What is certain in all this maneuvering is that the two companies are once again owned in part by the same family—and both the Piëchs and the Porsches have benefited from this. As Dietmar Hawranek wrote in
Der Spiegel
in 2009, “The assets of the Porsches and Piëchs have multiplied.
2
Before the investment in Wolfsburg, they
owned 100 percent of Porsche, a small sports-car maker. Now they own more than half of the world’s second-largest automobile group. As dirty as it was, it was an extraordinarily profitable family feud.… The merger places the German-Austrian industrialist clan on a level with the world’s biggest corporate dynasties: the Fords, the Agnellis, and the Peugeots.”

So for the moment, it seems the VW business model will prevail, though this (like everything else in the story) is more complex than meets the eye, and is currently in the midst of change. Volkswagen AG is one big company made up of many individual, smaller ones, and so far, this setup has worked in large part because Volkswagen does not infringe on the other brands, but allows them their freedom in production and design methods, even as the companies share certain
mind-sets and technologies. Hopefully, the same will hold true for Porsche. The challenge for Volkswagen AG is to find a way to continue growing, even as it champions basic German traditions and deeply rooted work methods like joint responsibility and participation (
Mitbestimmung
and
Mitverantworung
). Until now, the guiding force of VW has been sustainability rather than huge profits—even though the huge profits have come—so while they haven’t
made as much money as they might have made with a smaller cost base (in other words, had their business and manufacturing philosophy been predominantly based on the “lean model” as developed by Toyota, and as used by Porsche), they
have
made a profit, and that’s been enough. At the same time, the management
at Volkswagen AG seems to know it must be flexible, that they cannot restrict change as they continue to grow.

Already, Porsche and VW are intermixing in new ways: Michael Macht, an expert in lean production who was once the CEO of Porsche, has recently been named to head the Volkswagen Group’s global network, for instance, and Volkswagen AG has named Matthias Mueller, previously VW’s top car strategist, to be the new CEO of Porsche.

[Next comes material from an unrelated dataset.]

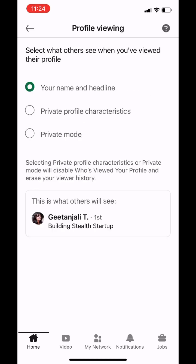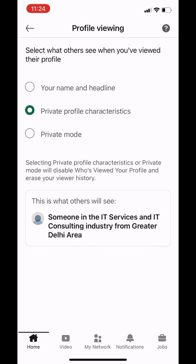You have three choices. First is 'Your Name and Headline' — this shows your complete name and headline to everyone on LinkedIn. For example, if I viewed anyone's profile, they'll get a notification saying 'Gitanjali T, building cell startup, viewed your profile.' The second option is 'Private Profile Characteristics,' which is basically semi-private mode.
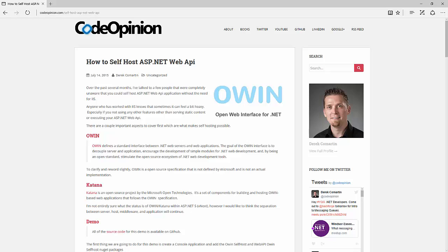Hey everybody, it's Derek Lamartin from CodeOpinion.com and today we're going to take a look at how to self-host an ASP.NET Web API application.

But the true test of Volkswagen AG might be how it merges these differing structural models into a new strategy, one that remains
true to the company’s history and methodology while at the same time evolving certain aspects to reflect its new acquisitions. In one sense, the traditional Volkswagen business model has demanded a slowness that can be frustrating. But in another sense, this slowness has been the company’s strength, keeping it from overreaching itself, guaranteeing good engineering and good quality work.

German-born economist Fritz Schumacher once wrote, “Character … is formed primarily by a man’s work.
3
And work, when properly conducted in conditions of human dignity and freedom, blesses those who do it and equally their products.” Every big company is now trying to find the right balance in this sense—the
balance between becoming big while at the same time attending to the details, because the details are what will ultimately make or break them—and VW is no different. In the global automotive market, VW is second only to Toyota when it comes to profits and units sold, and VW’s chief executive has promised to surpass Toyota by 2018. Volkswagen now talks about becoming the biggest and most profitable car company in the world. In fact, this has become a kind of slogan of
VW’s, and lately, they say it often.